Some might call this future a utopia. Thus, radical imagination is also the courage to be hopeful and optimistic about the future in the face of ongoing injustice and impending climate disaster.
I have found great comfort in radical imagination and the freedom to recognise and recreate everything that isn’t working. Can’t everything that is man-made be remade? It’s so easy to feel helpless and restricted when trying to think of how to make things better, close to home or far away, personally or worldwide. That state feels like my default recently. But when I think about radical imagination, I feel a small spark of hope. Not because I can imagine something that will fix everything but because I know that potential is there. And potential is a reason to still have hope. My radical imagination is different from everyone else’s and I have faith that other people can imagine something I can’t.
And when I think of social justice, I think often of the young people in my community. How their fight is new and enraged. Desperate. I think of the feeling I felt watching hundreds and hundreds of teenagers skip school to march to Parliament in the name of climate justice. In the name of their future.
The year after my book was published, it was a finalist in the New Zealand Children’s and Young Adult Book Awards. As part of the publicity for the awards, the young adult category finalists were asked what we learnt from writing young adult fiction and speaking in front of young adult audiences.
This is what I wrote …
Writing for young adults, especially about mental health, has taught me a lot about connection, communication and community, and about teenagers. It wasn't long ago that I was a teenager and I remember so vividly the strange and desperate world many teenagers inhabit. Being a teenager was difficult for me and for so many of my friends and classmates. It was difficult for a number of different reasons for a number of different people and it was difficult, mostly, in private.
We were, of course, encouraged to seek advice and guidance and support if and when we needed it. But there wasn't an open conversation. And sometimes it didn't feel okay to need that support. Writing my book has opened up a lot of conversations with the people around me, with the teenagers in my life and the lives of my community. Having my book in the world has been an exercise in relearning the worth and value of the youth's opinions. Teens today are affected by so many issues and they have ideas and questions and thoughts and sometimes solutions. We just have to give them the space to say it. We just have to ask.
I feel this more strongly now than ever. It has been reinforced in recent years by what I have witnessed from all over the world: youth fighting for equity and justice. This is not to say anything about people who aren’t The Youth; there are plenty of people from all generations fighting for the same things. Everything we have is thanks to the generations before us who demanded more. This is just to say that rather than dismissing young people (which as a society, we often do), I am inspired by them. They are creative and energised and engaged. Their radical imagination is different to mine and different to the generations before them and that is worth listening to.
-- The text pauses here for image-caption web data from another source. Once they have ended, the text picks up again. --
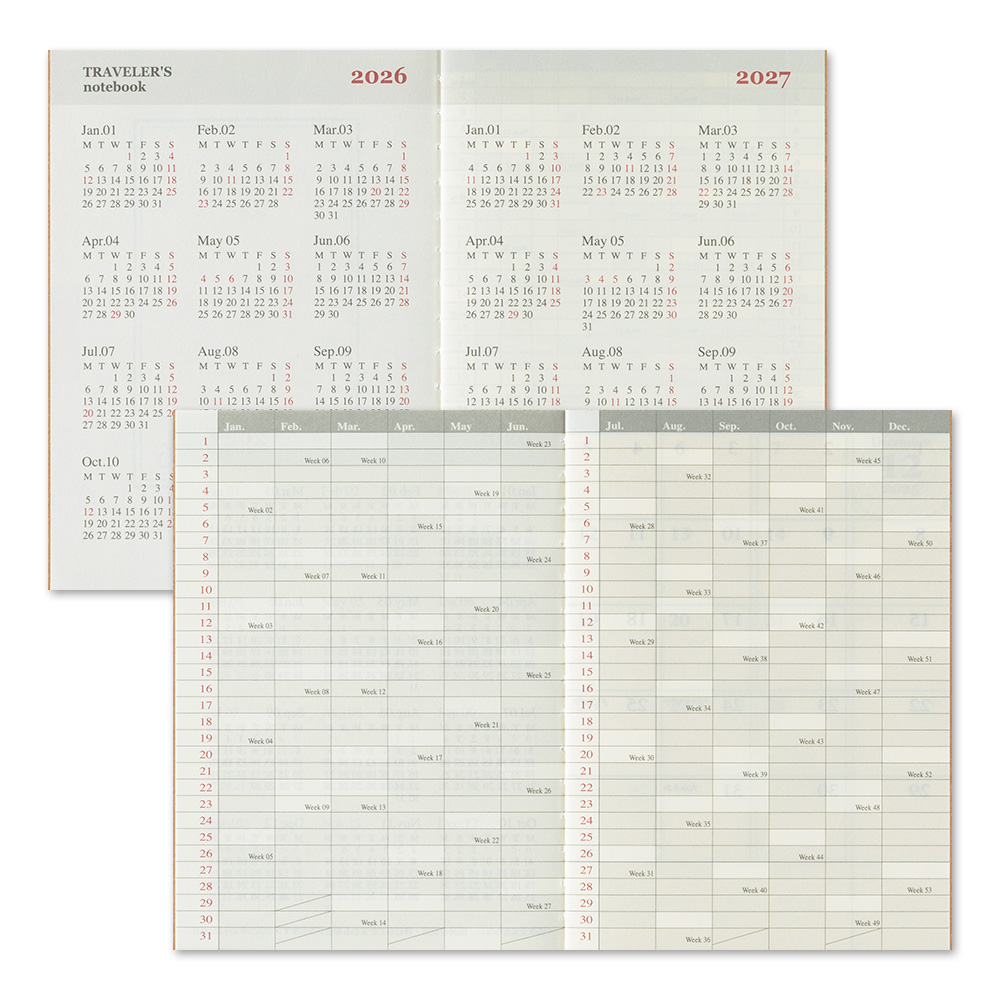 2026 Kalender (Monatsansicht) - The Traveler's Spirit - TRAVELER'S Notebook Passport Refill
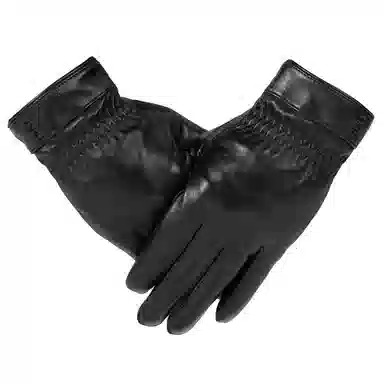 上海故事 时尚加绒加厚外出骑车防风防寒出行防水保暖 羊皮革 绒线手套 男款 黑色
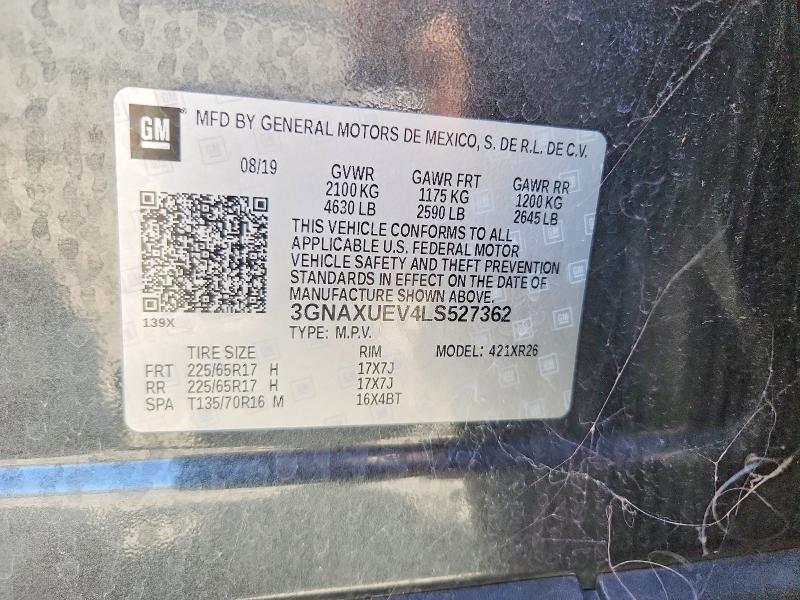 Продаж на аукціоні авто 2020 Chevrolet Equinox, vin: 3GNAXUEV4LS527362, номер лоту: 53280106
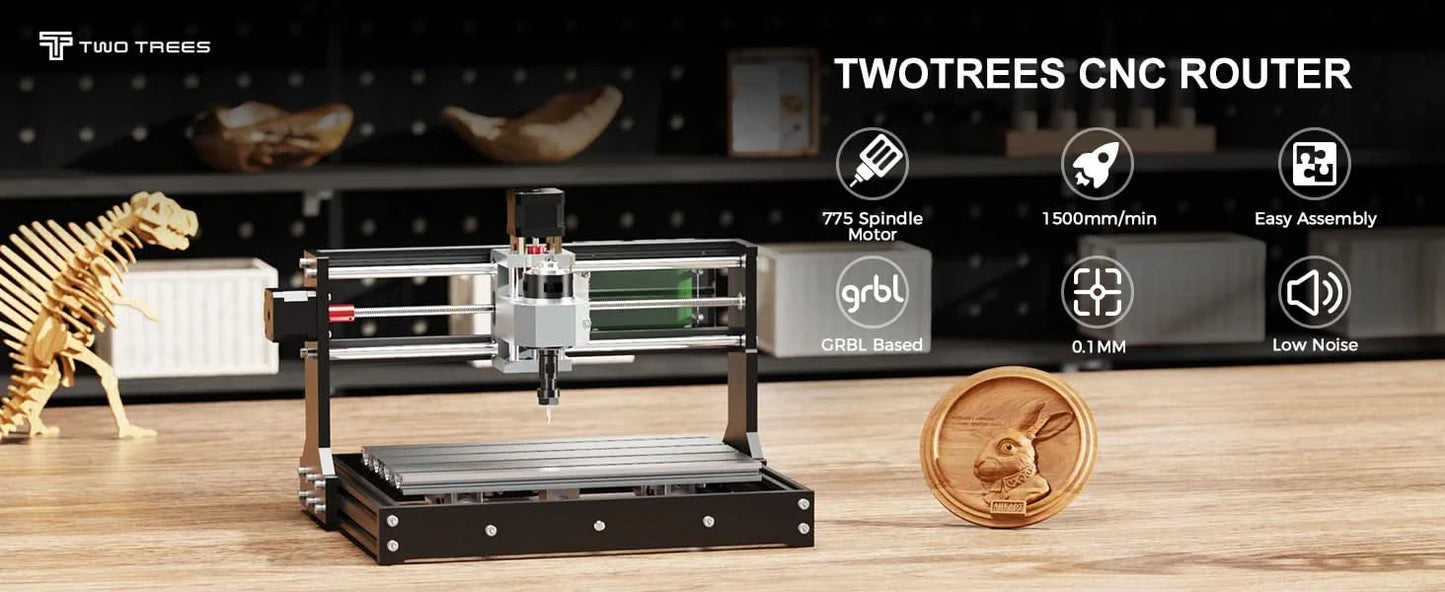 Twotrees TTC3018 CNC-Fräsmaschine Lasergraviermaschine CNC-Router DIY-Werkzeug Metall Kunststoff Acryl PVC Holzplatte GRBL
A few days after I saw the dinghy at the beach, when I was walking there again, there were three young kids digging the boat out of the sand. I was at the beach for an hour and they worked the whole time. Non-stop. When I came back the next day, the whole dinghy was upright sitting on the sand and there were different kids playing in it. The metaphor was so overwhelming it felt embarrassing, but there it was all the same.
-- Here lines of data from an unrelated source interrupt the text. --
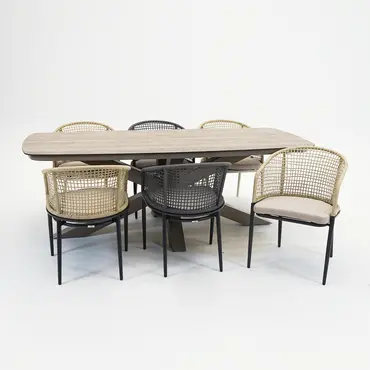 Valerio boat tafel 220cm taupe combinatie, SenS-Line, tuincentrumoutlet.com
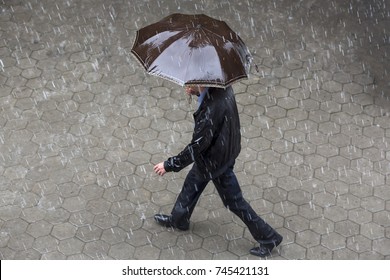 A Man Runs In The Rainy Weather With Hir Brown Umbrella. Raining Like Cats And Dogs. Bad Weather. Climate Change.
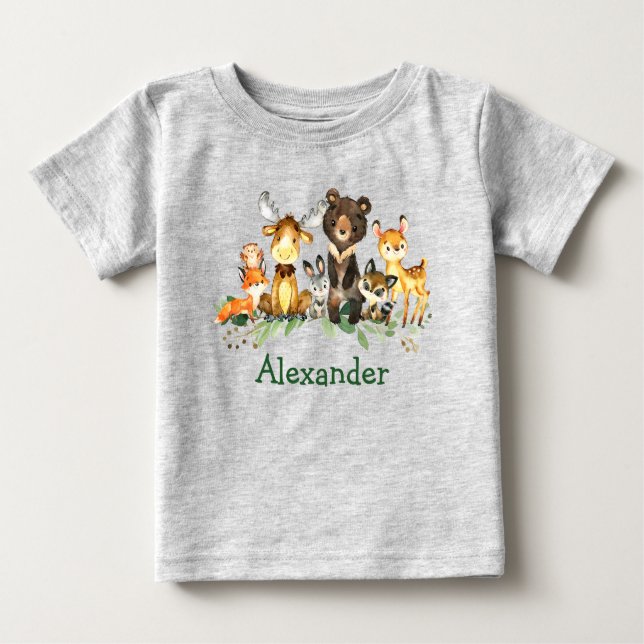 T-shirt Pour Bébé Aquarelle Bois Forêt Animaux Gris (Devant)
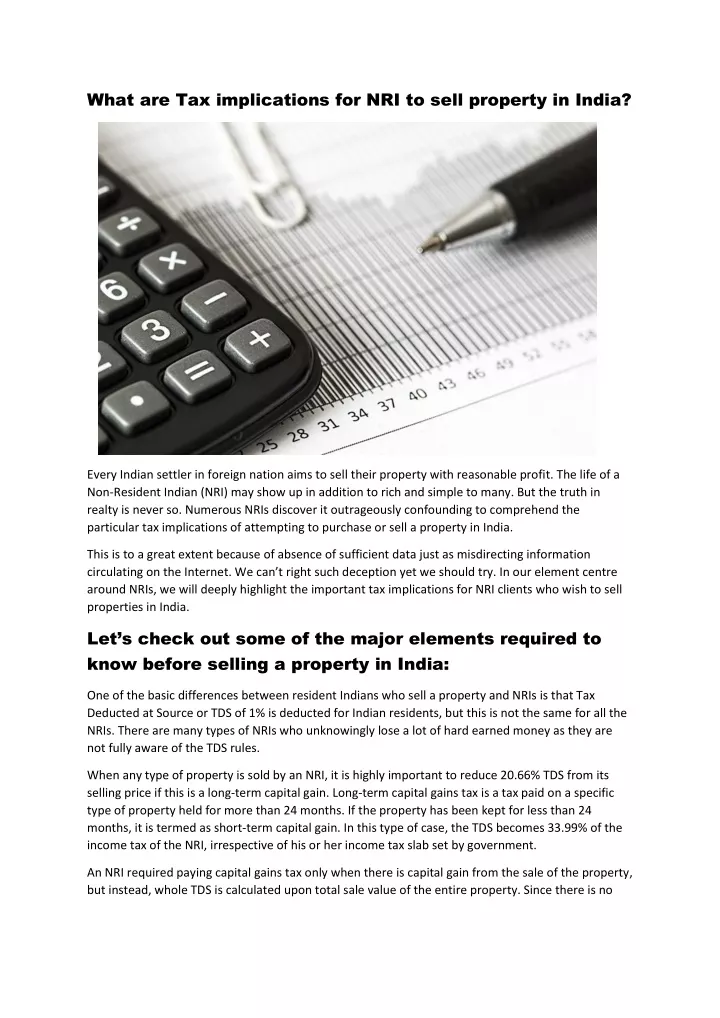 what are tax implications for nri to sell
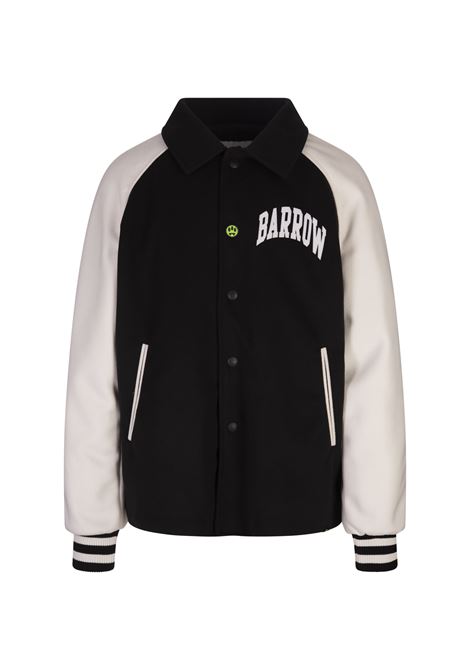 Black and White Bomber Jacket With Smile and Logo Lettering BARROW | F4BWUAJK008110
So I can keep having conversations with my community and the people around me, keep advocating and demanding more from our leaders, keep donating. And I can trust that other people are doing the same. I am not limited by my imagination. I trust there are people that can come up with solutions that I cannot come up with them. I feel energised by the young women of colour representing their communities in parliament after our election results. I feel energised by protests and advocacy. There is still energy. There is kindness and there is hope. I am choosing hope.